- [WORK INSTRUCTIONS]
Find the line that holds "Hyundai Genesis Sedan" in the material below. Output that line and each one after it exactly, but not the pictures.

- [INPUT FOR THIS TASK]

═══

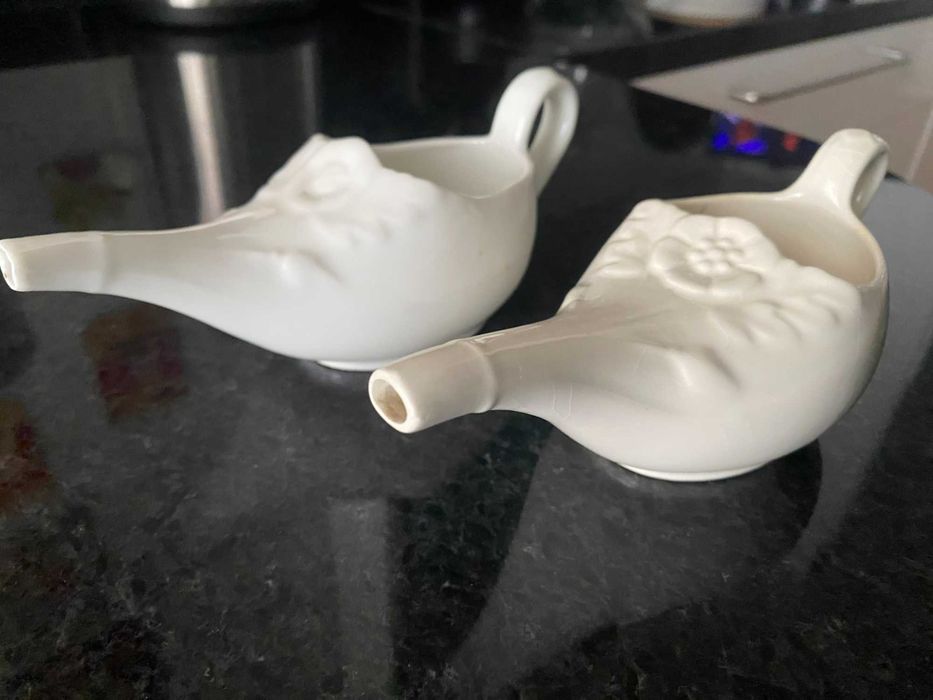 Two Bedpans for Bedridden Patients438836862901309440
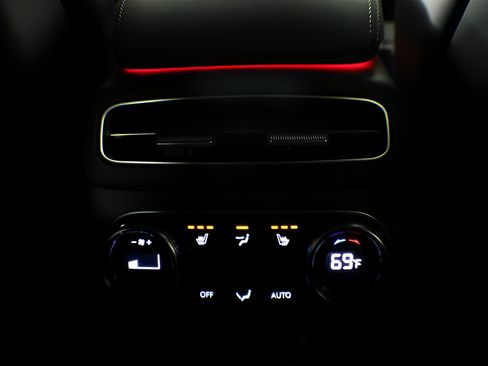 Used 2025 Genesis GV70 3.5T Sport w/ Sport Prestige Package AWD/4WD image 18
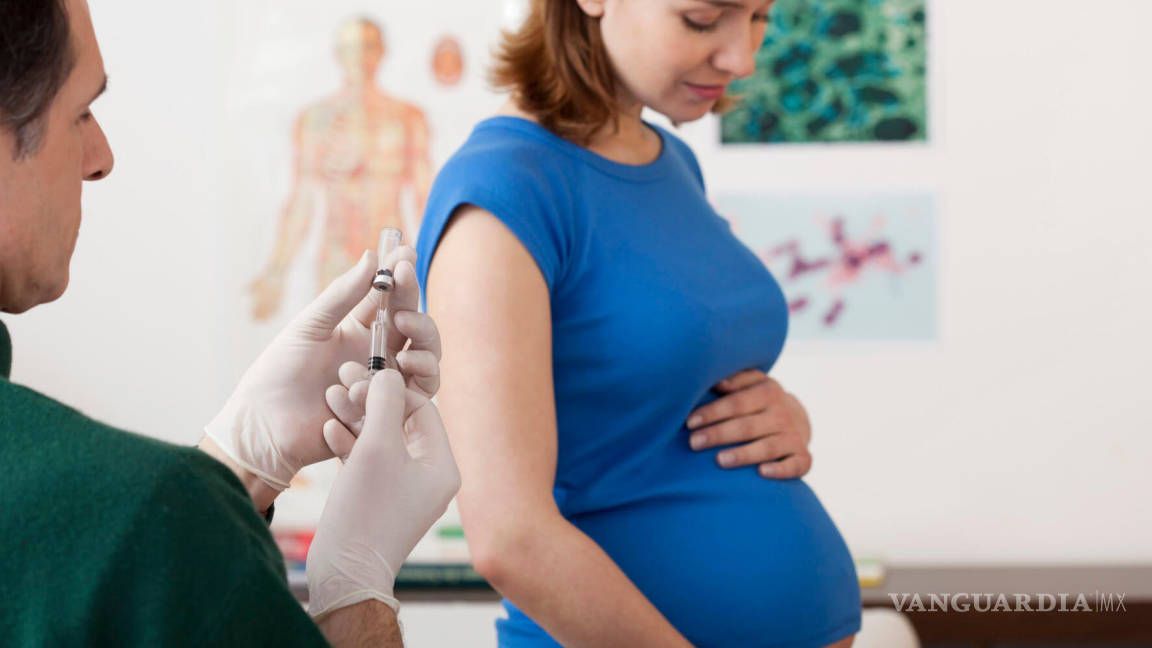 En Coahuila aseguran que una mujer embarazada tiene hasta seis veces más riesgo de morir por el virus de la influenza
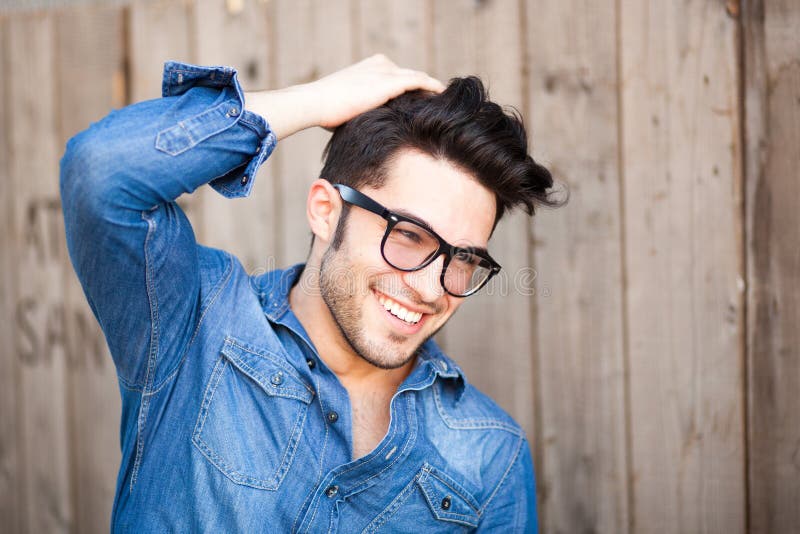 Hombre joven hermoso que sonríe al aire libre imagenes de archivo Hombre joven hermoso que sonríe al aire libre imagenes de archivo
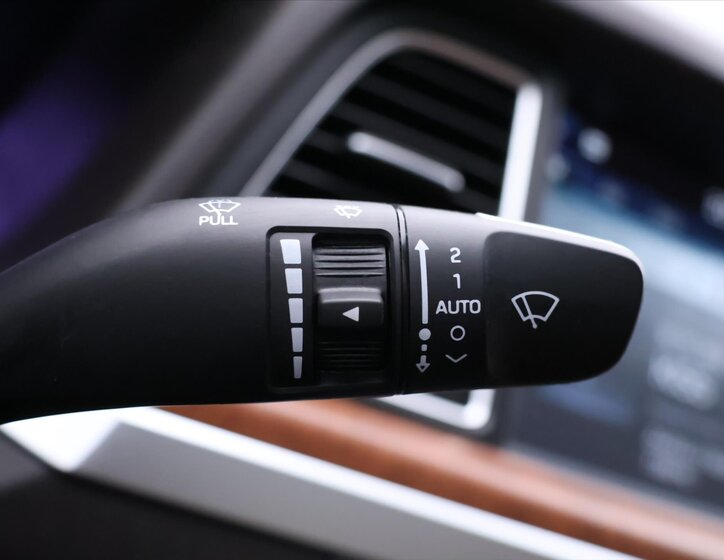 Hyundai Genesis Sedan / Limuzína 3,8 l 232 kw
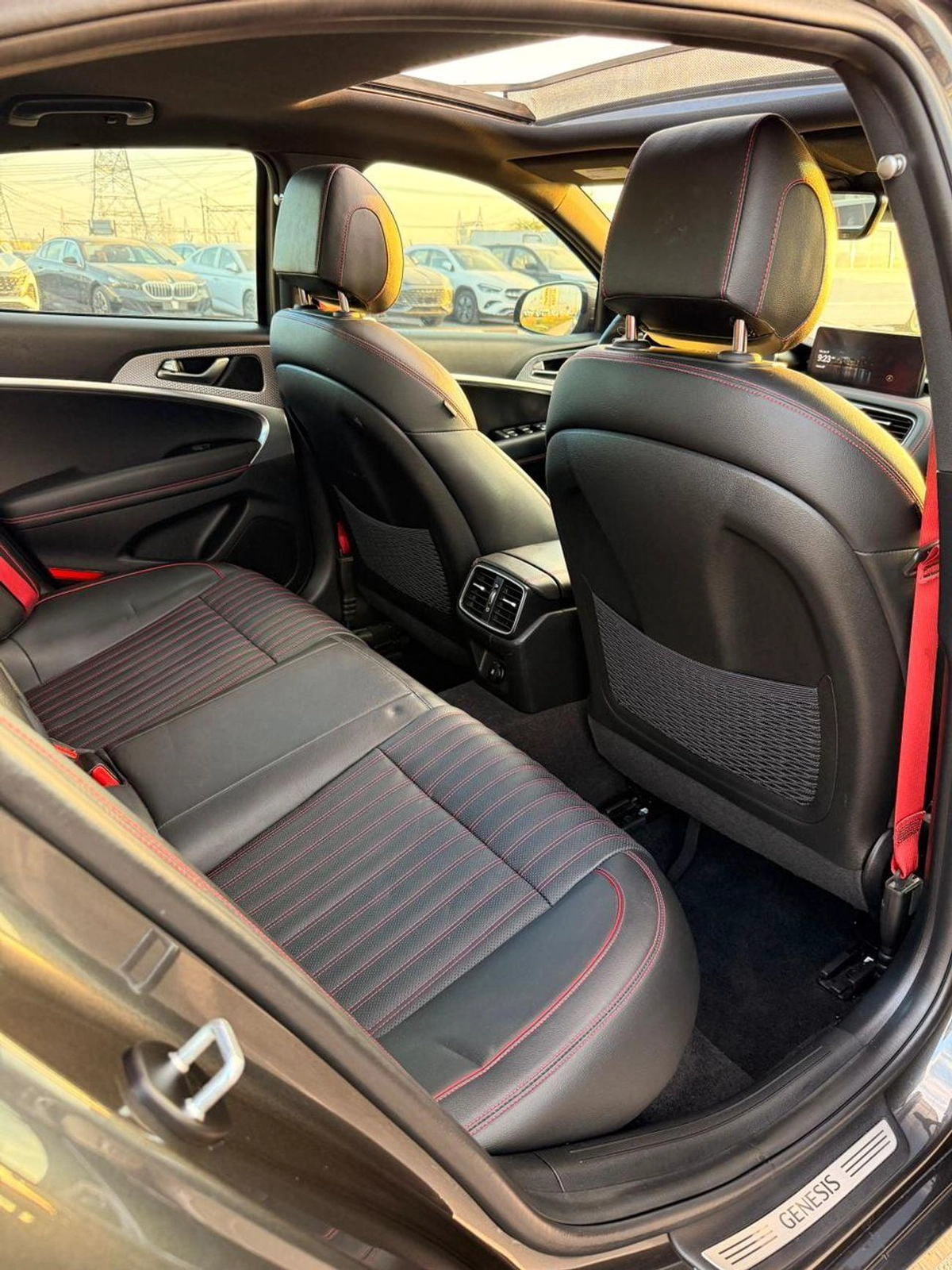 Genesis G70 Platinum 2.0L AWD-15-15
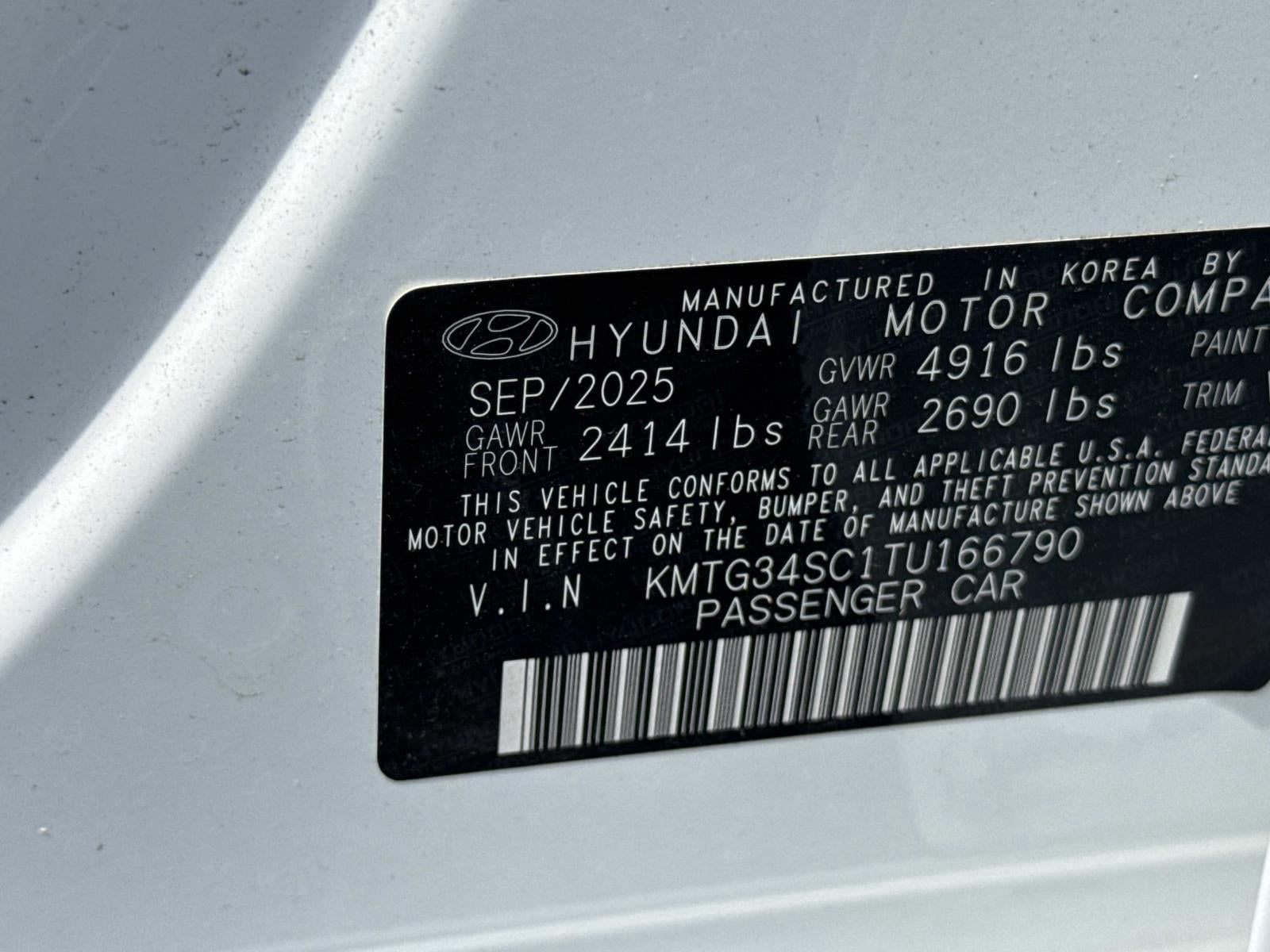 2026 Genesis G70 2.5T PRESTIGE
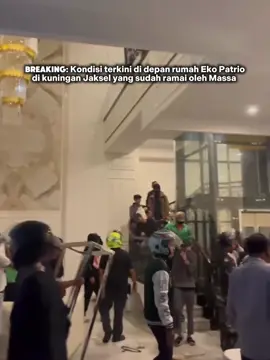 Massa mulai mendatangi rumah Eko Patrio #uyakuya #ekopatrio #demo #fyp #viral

═══

- [SOLUTION FOR THIS PROBLEM]
 Hyundai Genesis Sedan / Limuzína 3,8 l 232 kw
 Genesis G70 Platinum 2.0L AWD-15-15
 2026 Genesis G70 2.5T PRESTIGE
 Massa mulai mendatangi rumah Eko Patrio #uyakuya #ekopatrio #demo #fyp #viral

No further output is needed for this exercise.